# Spindle
[](https://crates.io/crates/spindle-lib)
[](https://docs.rs/spindle-lib)
[](https://github.com/awslabs/spindle/blob/main/LICENSE)

Spindle is a simple and efficient expression and byte sequence generator to aid fuzz testing parsers and de-serializers. Spindle spins raw, untyped byte buffers into structured data.
## Overview
Spindle's syntax, similar to [Extended Backus–Naur form](https://en.wikipedia.org/wiki/Extended_Backus%E2%80%93Naur_form), lets users define the structure of generated data. This syntax compiles to `Grammar`, a state machine that can be arbitrarily traversed to produce structure-aware, matching expressions.

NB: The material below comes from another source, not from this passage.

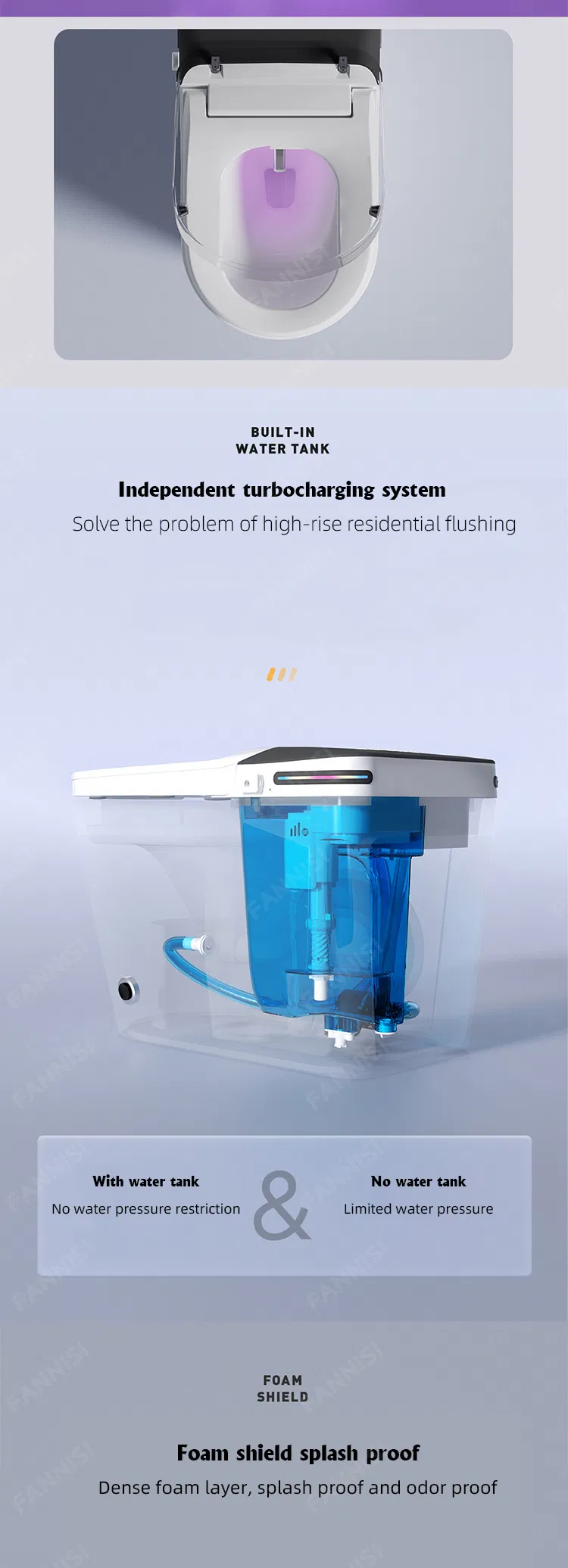 Smart Toilet Features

Spindle works with fuzzers such as [cargo-fuzz](https://crates.io/crates/cargo-fuzz) or [AFL](https://crates.io/crates/afl) because it is an extension of [arbitrary](https://crates.io/crates/arbitrary); the traversal of the state machine is deterministically dependent on [`Unstructured`](https://docs.rs/arbitrary/latest/arbitrary/struct.Unstructured.html).
Spindle is particularily useful for generating semi-correct and interesting inputs that attack edge cases of parsers and de-serializers, such as mixing familar tokens in incorrect places or sprinkling in Unicode characters.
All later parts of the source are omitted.